Welche Konsequenzen genau getroffen werden, ist bisher nicht bekannt. Für eine Stellungnahme war der Geschäftsführer Carsten Budde am Vormittag nicht zu erreichen. Die Antidiskriminierungsstelle des Bundes hat sich unterdessen bei Twitter eingeschaltet und Salim F. dazu ermutigt, eine Beratungsstelle aufzusuchen. Das Allgemeine Gleichbehandlungsgesetz verbietet Benachteiligungen unter anderem aufgrund der Ethnie, Sexualität oder Herkunft einer Person. "Im Falle einer gerichtlich festgestellten Diskriminierung wegen der ethnischen Herkunft hätten Betroffene Anspruch auf eine Entschädigung", sagt der Sprecher der Antidiskriminierungsstelle Sebastian Bickerich gegenüber VICE.

Ob Salim F. gegen den Autohändler klagen wird, ist unklar.
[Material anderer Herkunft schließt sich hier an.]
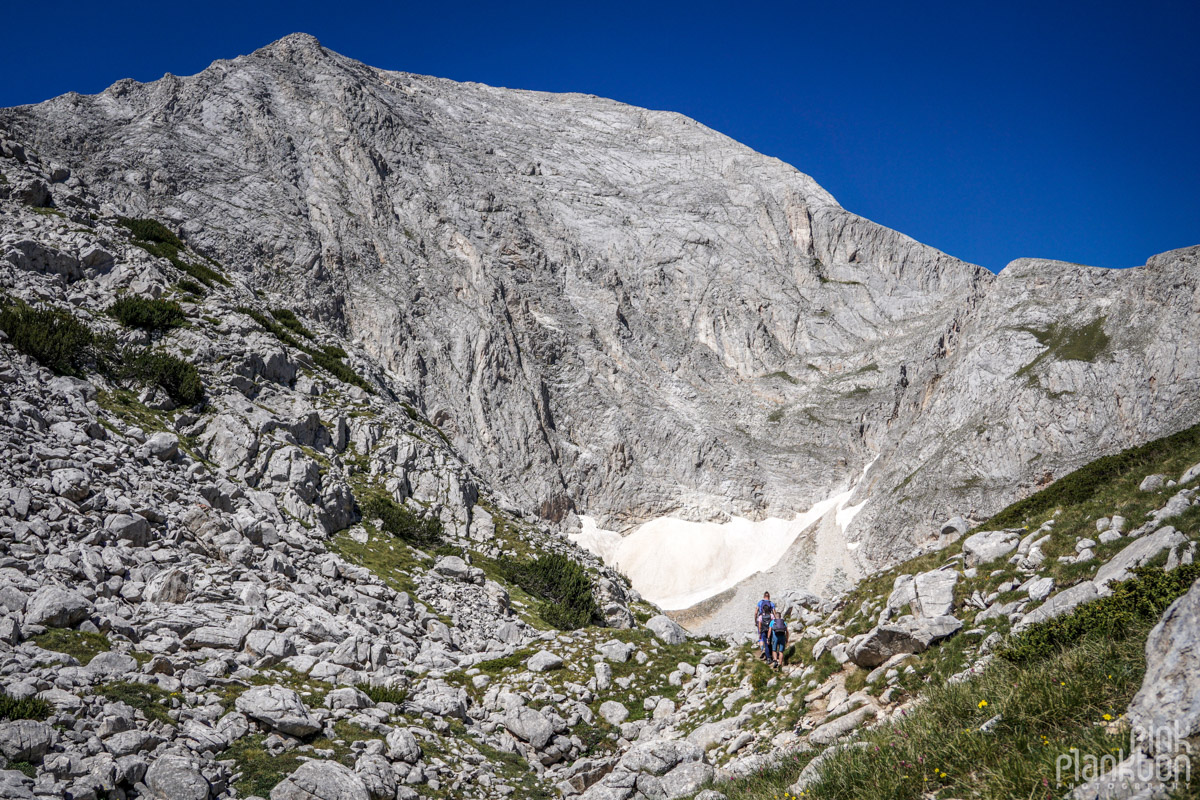 View of mountains with hikers on trail to Koncheto Ridge in Bulgaria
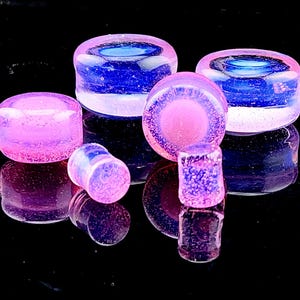 May include: A selection of iridescent glass plugs in various sizes. The plugs display a mix of pink, purple, and blue tones, with a reflective surface. The shapes include rounded and cylindrical designs, suitable for body modification.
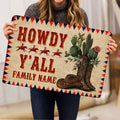 Western cowboy doormat held indoors, featuring cactus, cowboy boots, hat, horseback riders, and bold retro lettering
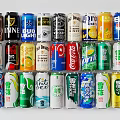 Assorted Colorful Beverage Cans Collection With Various Brands And Flavors Stacked Together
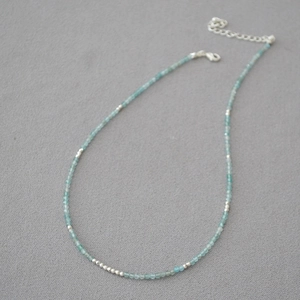 Detail of beaded necklace with blue-green stones and silver spacer beads on grey background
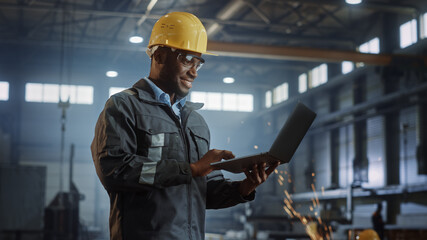 Professional Heavy Industry Engineer/Worker Wearing Safety Uniform and Hard Hat Uses Laptop Computer. Smiling African American Industrial Specialist Standing in a Metal Construction Manufacture.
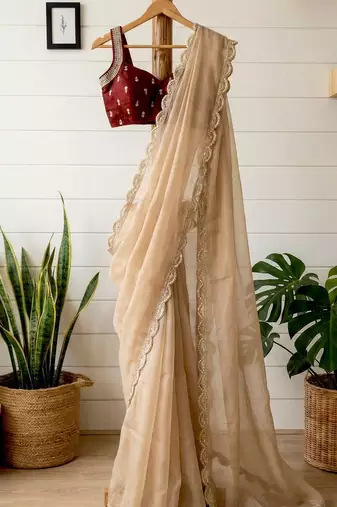 Beige silk blend embroidered saree with thread work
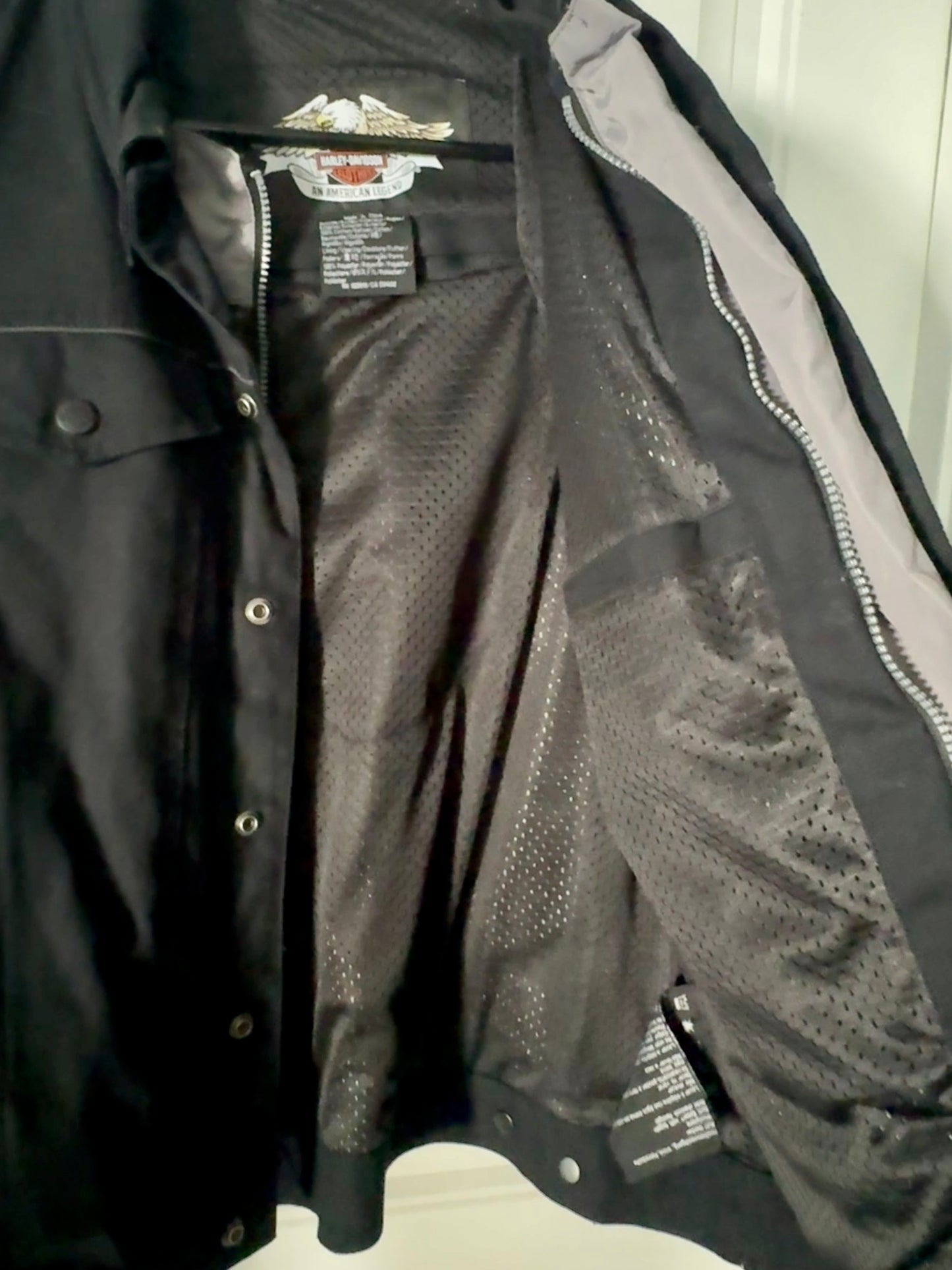 Black and gray jacket with mesh panels on a white surface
Carsten Budde schreibt, er habe ihn zu einem persönlichen Gespräch eingeladen: "Ich wünsche mir, dass wir die Gelegenheit erhalten, uns persönlich für den Fehler zu entschuldigen." Budde hofft, dass mit dem Vorfall eine Diskussion angestoßen werden könne: Integration sei nur möglich, wenn sich Unternehmen an den Integrationsbemühungen beteiligen und den Menschen eine Chance geben.

Noch schöner wäre es allerdings, wenn diese Bemühungen selbstverständlich wären – und nicht erst durch einen diskriminierenden Brief angestoßen werden müssen.